Dog Shows Explained
Dogs shows are like a different world
You turn on the tv, flip through a few channels and spot some dogs. You love dogs, so you decide to stay there and watch for a while.
The problem is - you can't figure out what the heck is going on!
You saw a couple of dogs running, jumping and doing fun stuff, then there's just a bunch of people walking around, looking like they're doing some sort of weird dance with their arms waving around.
Or you see a bunch of the same kind of dogs all lined up, then each one walks up to a judge, gets "felt up," walks back and forth, then goes to the end of the line.
What are you watching? How many different kinds of dog shows are there?
Dog Shows - a quickstart guide
- Conformation Shows - the "beauty pageants" of the dog world. The dogs are separated by breed and each is examined by a judge. The dog (in that judge's opinion) closest to the breed's written guidelines (standard) wins. The winners in each breed then compete in a "Group" (the American Kennel Club separates the dog world into seven groups). The seven group winners then compete for "Best in Show."

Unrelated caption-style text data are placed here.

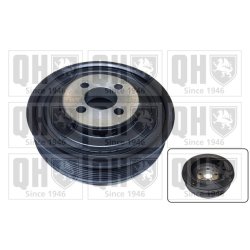 Crankshaft Belt Pulley QUINTON HAZELL QCD164 OE Ref 504017415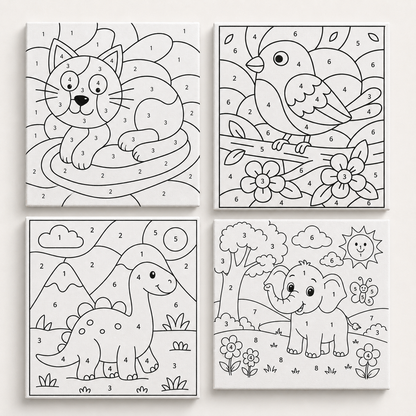 Paint By Number Kit For Kids✨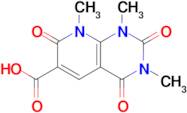 1,3,8-Trimethyl-2,4,7-trioxo-1,2,3,4,7,8-hexahydropyrido[2,3-d]pyrimidine-6-carboxylic acid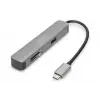 Digitus DA-70891 USB Tip C 5Port (USB-C™ Dock, 5 Port)x USB 3.0 port2 x Kart okuyucu (SD-Mic (KDO)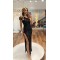 Long Black One Shoulder Sequin Prom Dresses Formal Evening Gowns 901708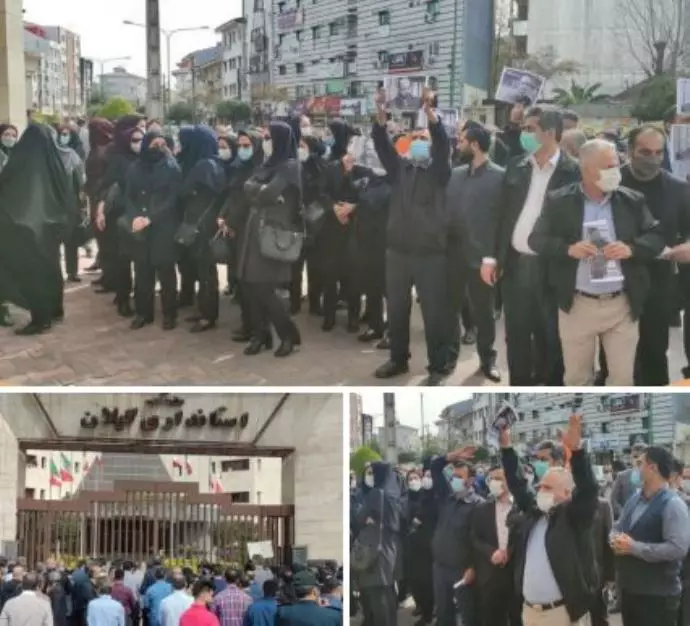 -تجمع اعتراضی کارکنان شهرداری رشت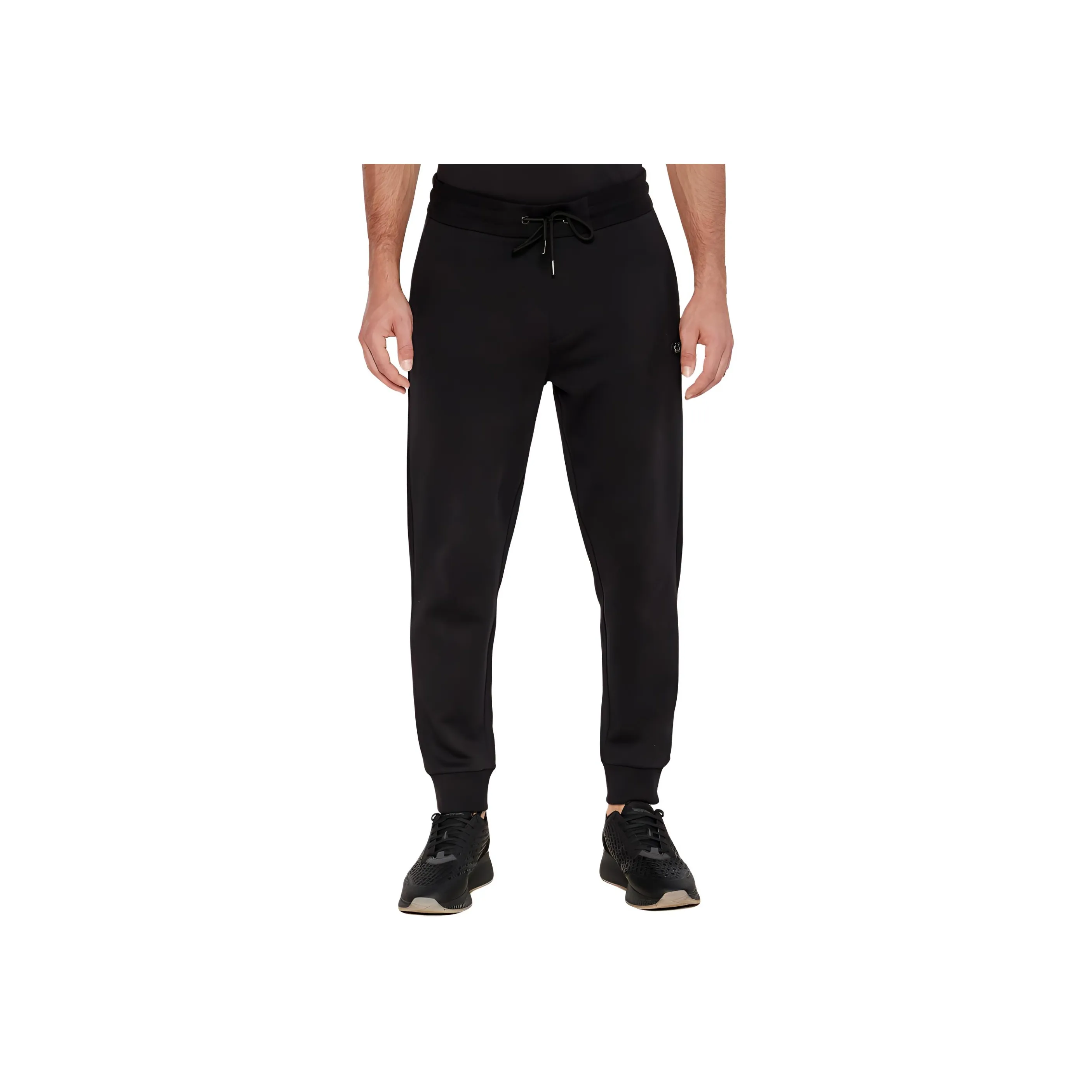 Hugo Boss Вязаные Спортивные Штаны Мужские Черные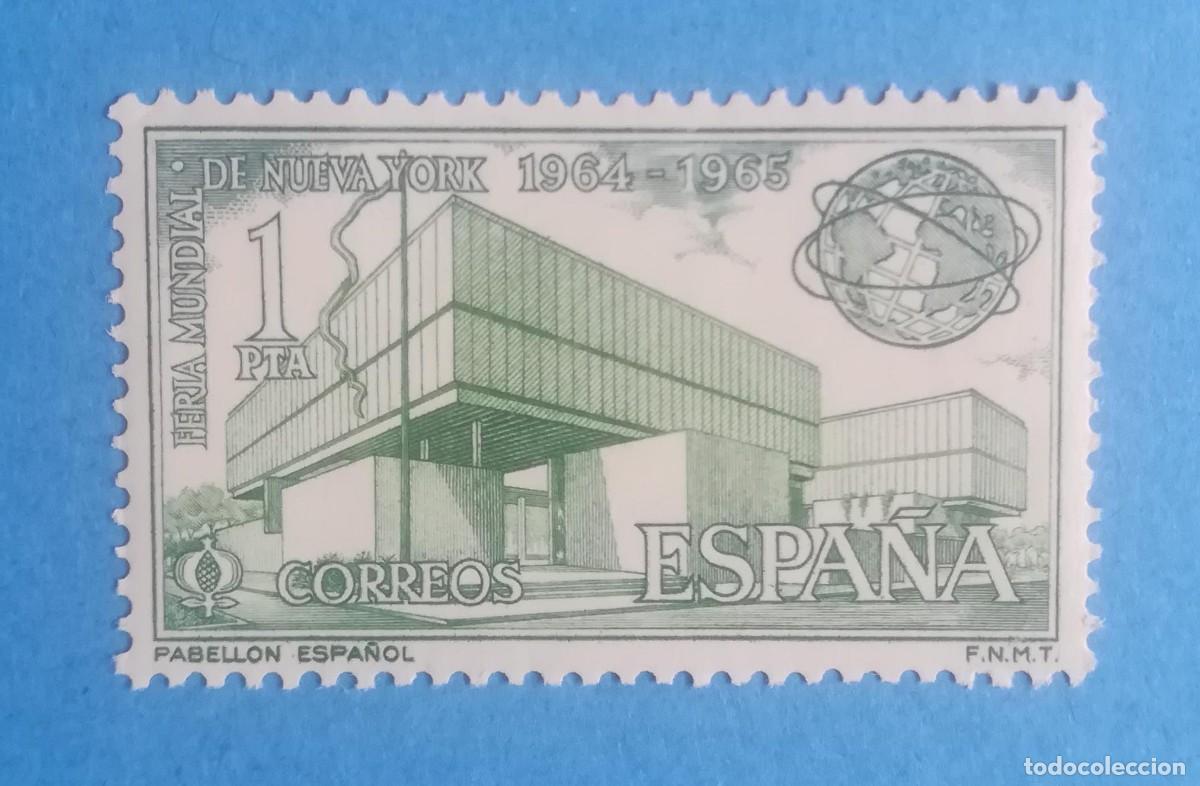 Sellos: Pabell&oacute;n Espa&ntilde;ol en la Feria Mundial de Nueva York (1964-1965). Edifil 1590. Nuevo sin fijasellos.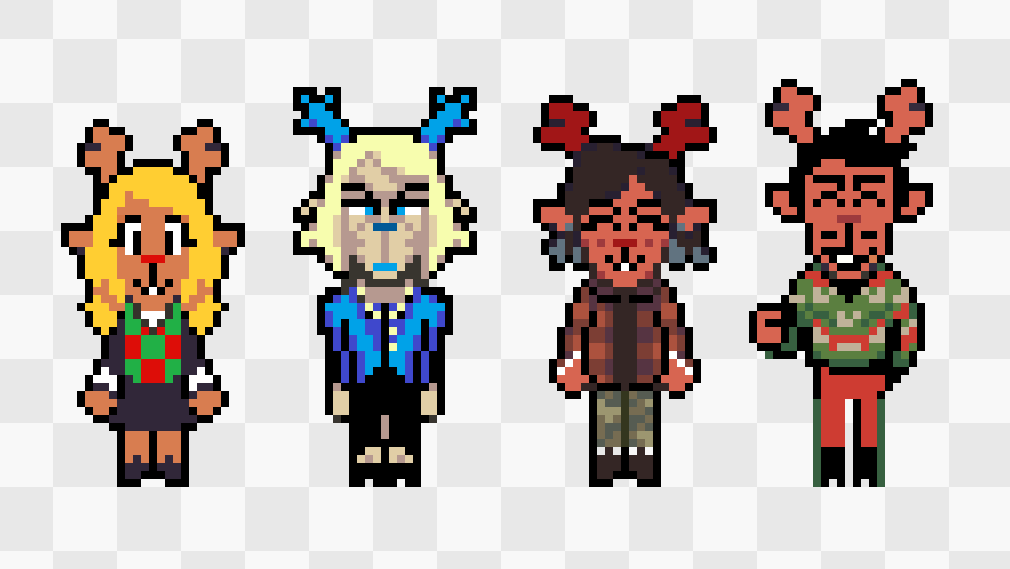 JTM081's tweet image. thought i&apos;d share my concept for a Dess sprite #DELTARUNE #deltarunefanart #pixelartist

- Obedience Trials - dog and handler teams compete in exercises demonstrating the dog's ability to heel, retrieve, and obey commands. All teams achieving the required number of points for performance of the exercises "qualify" - the dogs do not compete against each other.

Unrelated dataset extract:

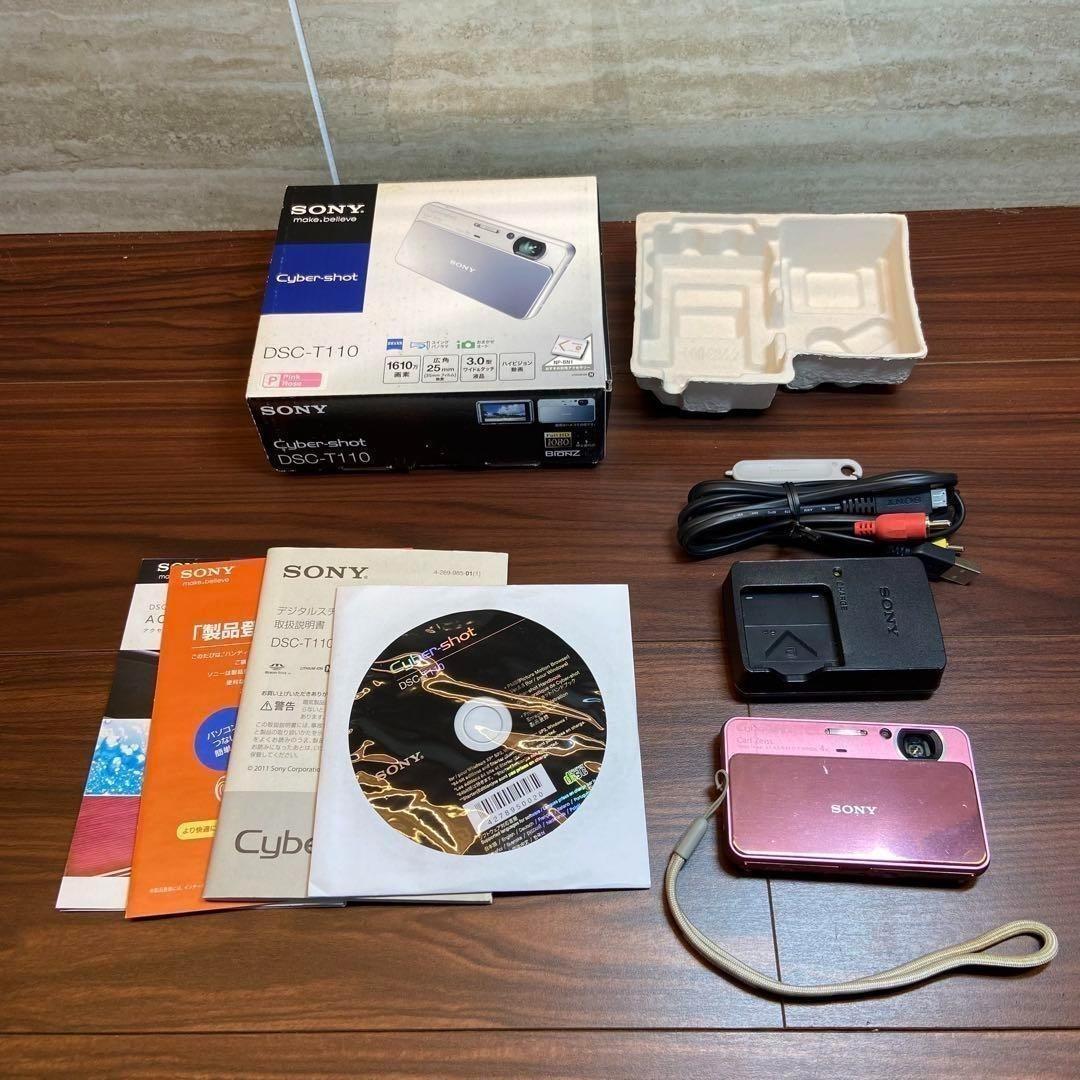 SONY Cyber-shot DSC-T110 デジカメ ほぼ新品 3797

- Rally Trials - dog and handler teams follow a series of signs laid out in a "course" by the judge. Each sign has an exercise the team must perform to achieve a qualifying score. Rally events are timed and, should multiple teams achieve the same score, the winner is decided by time.

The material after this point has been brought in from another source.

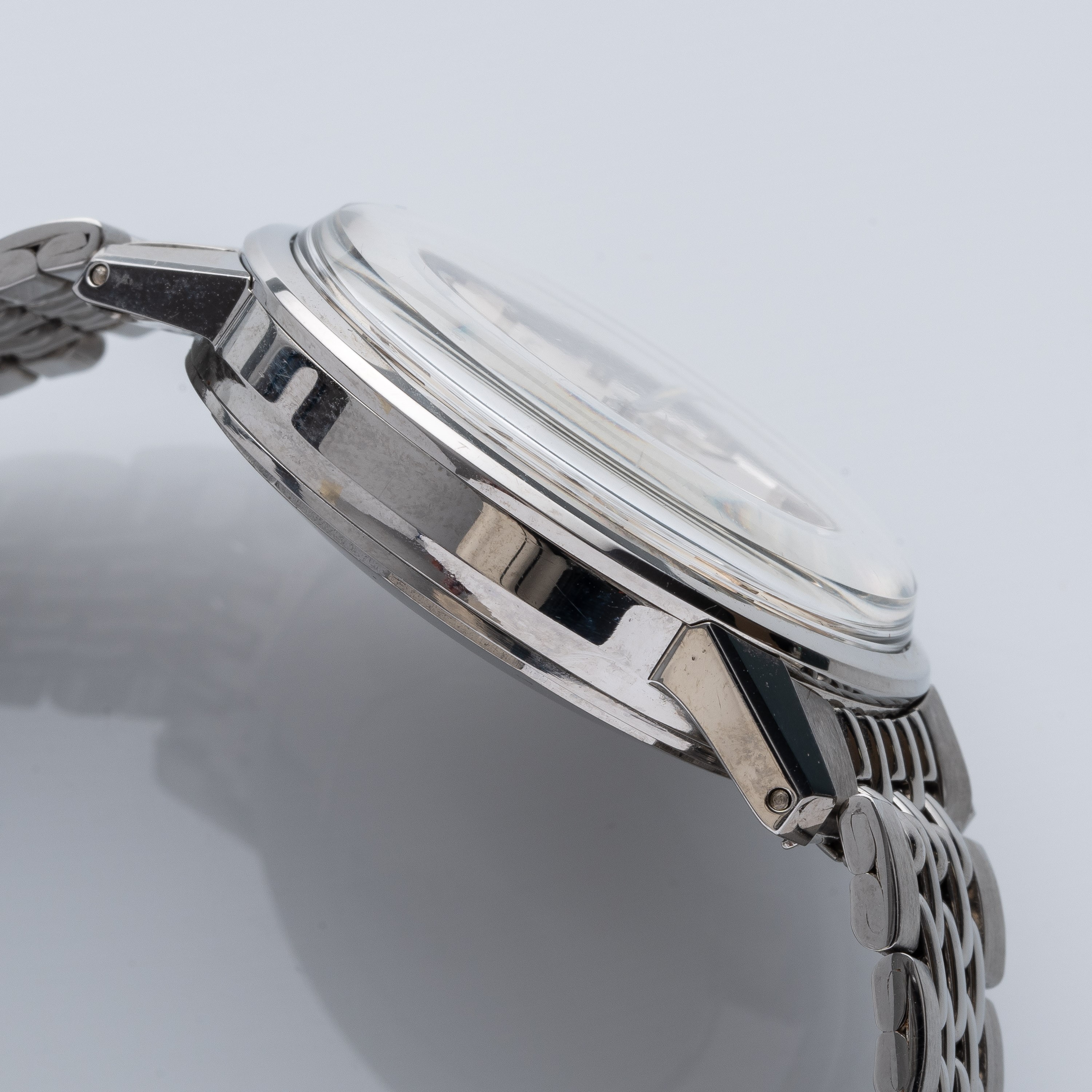 Iwc - Ingenieur, orologio automatico in acciaio con quadrante argenté e datario ad ore tre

- Agility Trials - This is the "steeplechase" event of dog sports. A judge designs a course with jumping, climbing, weaving and tunnel obstacles that the dog and handler team must perform in a set order. Dogs compete based on their height at the "withers" (shoulder blades). All dogs who complete the course successfully, within the set "course time" qualify. First through fourth places are determined by time in each height class.
There are other types of dogs shows (tracking tests, lure-coursing, nosework, etc.) but these are the four most common.
Conformation - Basset Hound Regional Specialty, 2012
Conformation is the best way to "meet the breeds"
Dog lovers run in my family. From the time I was a little girl, my mother took us to the International Kennel Club Dog Show every year. It was (and is, still) one of the few conformation shows in the country that is "benched," meaning that the dogs have assigned spaces and, when they're not competing, must be at their "benches."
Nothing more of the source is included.